I don't tend to tell people I meet straight away. Not because I feel embarrassed by it. Far from it. But because I don't think it's polite to ram it down people's throats as soon as you meet them.
I'm a Tory. And when you're in your (late) 20s and gay, it's quite a difficult thing to admit. Please - come back! Let's talk about it and I can try to put your mind at rest that I'm not that horrendous.
It really is quite unfashionable to be young, gay and Tory. I exaggerate only slightly about the reaction I have received from a couple of my mates. The old adage of, and I paraphrase, "if you're young and conservative then you have no soul" does ring true.
It's completely understandable. The Tory party has a lamentable record on gay rights spanning many many years. And comments like those from Sir Gerald Howarth in today's debate on gay marriage do nothing to help change that perception. We learn from our elders, and the generations above mine just simply can't forgive the Tories for the litany of times they've stood by and done nothing to support the furthering of gay rights. Or, worse, opposed laws to bolster them. It has become ingrained to despise the Tories. Ironically, sometimes it's prejudice from the very people demanding less of it in the world.
I say prejudice because most Tories I've met are socially very liberal - and that's the grassroots members of the party as well as politicians. Yes, there are some of the old guard who are vehemently against gay marriage. But this seems to be more to do with their religious beliefs rather than their political views, although no doubt the two are intertwined.

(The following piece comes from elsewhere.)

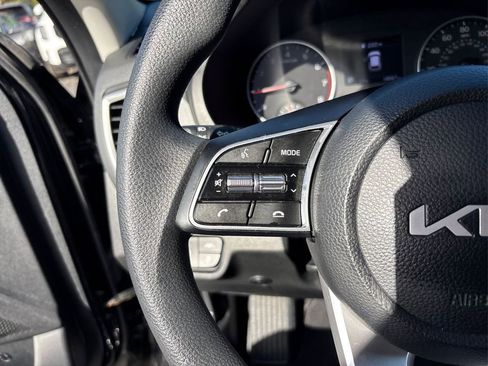 Used 2023 Kia Seltos LX image 30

As Jonathan Walker pointed out when the Marriage (Same Sex Couples) Bill was voted in earlier this year, 50 senior Conservative activists signed an open letter in support of gay marriage. Included were the chairmen or deputy chairmen of the Ladywood, Edgbaston and Erdington constituency associations. I felt incredibly proud when I read that.
The new intake of MPs such as openly lesbian Margot James helps show that the party is committed to equality and social liberalism. But don't forget the old-school bruisers like Andrew Mitchell, who voted in favour of gay marriage too.
Undoubtedly there is a long way to go for the Tory party to rebuild its image in relation to gay rights. But I'm less concerned with the external veneer and PR polish than the day-to-day workings of the machine. And whilst the Conservative politicians in the region are helping to vote in legislation which furthers equality, then I'll loudly and proudly come out and say I'm a Tory. Don't judge me.
David Kuczora is principal consultant at Clive Reeves PR in Birmingham and regional chairman of PRCA FrontLine.